Saved data entries

=== Section Start ===

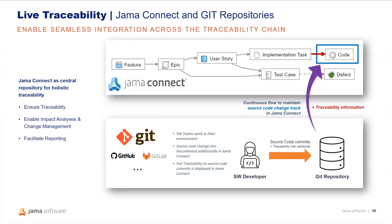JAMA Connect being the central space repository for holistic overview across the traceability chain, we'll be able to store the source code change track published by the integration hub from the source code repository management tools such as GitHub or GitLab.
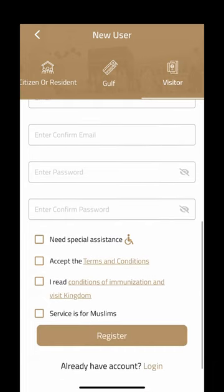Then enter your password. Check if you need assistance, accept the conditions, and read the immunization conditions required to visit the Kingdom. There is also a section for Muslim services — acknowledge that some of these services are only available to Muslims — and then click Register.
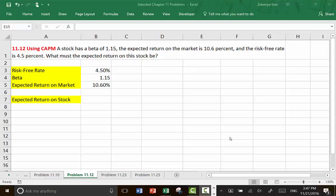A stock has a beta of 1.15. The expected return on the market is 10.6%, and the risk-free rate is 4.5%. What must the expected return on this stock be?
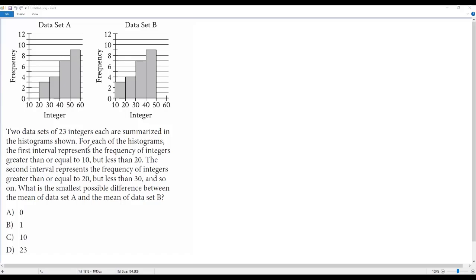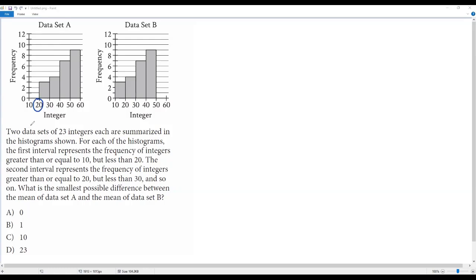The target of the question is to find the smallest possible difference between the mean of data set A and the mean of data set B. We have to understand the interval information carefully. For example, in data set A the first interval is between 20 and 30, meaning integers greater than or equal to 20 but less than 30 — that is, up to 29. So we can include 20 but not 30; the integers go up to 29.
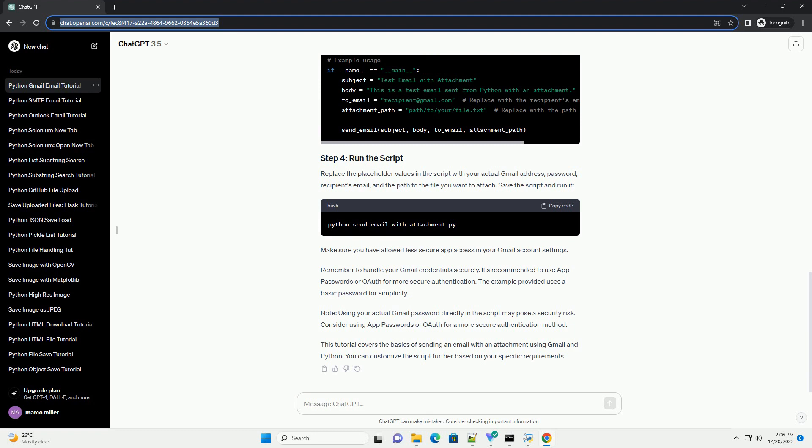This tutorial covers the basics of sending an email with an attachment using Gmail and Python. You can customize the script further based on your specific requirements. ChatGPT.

=== Section End ===

TO DO
Could you retype all the entries exactly, skipping the pictures?

REPLY TO THE TASK
JAMA Connect being the central space repository for holistic overview across the traceability chain, we'll be able to store the source code change track published by the integration hub from the source code repository management tools such as GitHub or GitLab.
Then enter your password. Check if you need assistance, accept the conditions, and read the immunization conditions required to visit the Kingdom. There is also a section for Muslim services — acknowledge that some of these services are only available to Muslims — and then click Register.
A stock has a beta of 1.15. The expected return on the market is 10.6%, and the risk-free rate is 4.5%. What must the expected return on this stock be?
The target of the question is to find the smallest possible difference between the mean of data set A and the mean of data set B. We have to understand the interval information carefully. For example, in data set A the first interval is between 20 and 30, meaning integers greater than or equal to 20 but less than 30 — that is, up to 29. So we can include 20 but not 30; the integers go up to 29.
This tutorial covers the basics of sending an email with an attachment using Gmail and Python. You can customize the script further based on your specific requirements. ChatGPT.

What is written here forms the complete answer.